# EXERCISE
Every line below that carries the word "Road" needs to be copied.

# PROVIDED RECORDS
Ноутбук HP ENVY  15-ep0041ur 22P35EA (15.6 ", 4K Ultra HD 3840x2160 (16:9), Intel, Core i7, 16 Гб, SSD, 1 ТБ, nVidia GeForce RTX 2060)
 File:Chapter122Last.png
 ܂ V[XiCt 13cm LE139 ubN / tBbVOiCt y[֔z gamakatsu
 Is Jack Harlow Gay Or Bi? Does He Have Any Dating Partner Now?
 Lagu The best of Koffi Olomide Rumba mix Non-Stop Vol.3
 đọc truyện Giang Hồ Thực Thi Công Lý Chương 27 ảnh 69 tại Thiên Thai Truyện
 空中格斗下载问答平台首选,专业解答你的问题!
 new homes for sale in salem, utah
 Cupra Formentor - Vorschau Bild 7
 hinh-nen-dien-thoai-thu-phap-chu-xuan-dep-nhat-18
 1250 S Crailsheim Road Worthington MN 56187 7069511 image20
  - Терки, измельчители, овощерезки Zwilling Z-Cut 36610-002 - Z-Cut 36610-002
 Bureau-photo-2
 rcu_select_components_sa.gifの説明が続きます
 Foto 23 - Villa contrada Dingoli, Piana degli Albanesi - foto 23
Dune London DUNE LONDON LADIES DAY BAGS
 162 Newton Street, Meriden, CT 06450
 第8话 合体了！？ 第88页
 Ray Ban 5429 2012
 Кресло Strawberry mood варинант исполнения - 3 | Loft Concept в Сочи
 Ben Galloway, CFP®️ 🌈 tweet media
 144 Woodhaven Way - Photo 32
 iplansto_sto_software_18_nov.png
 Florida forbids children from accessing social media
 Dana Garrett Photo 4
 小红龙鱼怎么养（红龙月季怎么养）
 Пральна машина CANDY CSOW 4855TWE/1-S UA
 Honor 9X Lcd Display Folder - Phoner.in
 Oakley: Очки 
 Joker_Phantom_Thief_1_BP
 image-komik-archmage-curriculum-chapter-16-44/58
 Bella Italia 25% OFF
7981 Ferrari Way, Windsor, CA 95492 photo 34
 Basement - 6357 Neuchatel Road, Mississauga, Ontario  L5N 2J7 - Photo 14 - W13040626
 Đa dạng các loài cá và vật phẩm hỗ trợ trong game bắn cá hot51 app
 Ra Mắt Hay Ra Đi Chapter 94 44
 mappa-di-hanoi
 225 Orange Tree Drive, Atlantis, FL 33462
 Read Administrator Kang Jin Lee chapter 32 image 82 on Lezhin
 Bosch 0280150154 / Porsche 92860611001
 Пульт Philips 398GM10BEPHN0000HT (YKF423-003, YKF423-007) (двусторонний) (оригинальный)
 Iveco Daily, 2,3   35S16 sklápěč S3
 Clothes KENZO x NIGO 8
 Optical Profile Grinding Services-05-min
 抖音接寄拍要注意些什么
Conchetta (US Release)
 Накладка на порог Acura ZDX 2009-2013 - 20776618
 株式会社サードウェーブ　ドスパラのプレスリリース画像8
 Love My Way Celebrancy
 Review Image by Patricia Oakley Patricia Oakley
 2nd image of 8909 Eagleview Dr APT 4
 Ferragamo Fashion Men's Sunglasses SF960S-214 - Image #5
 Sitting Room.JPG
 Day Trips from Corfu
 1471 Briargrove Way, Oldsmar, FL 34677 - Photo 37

# YOUR RESPONSE
 1250 S Crailsheim Road Worthington MN 56187 7069511 image20
 Basement - 6357 Neuchatel Road, Mississauga, Ontario  L5N 2J7 - Photo 14 - W13040626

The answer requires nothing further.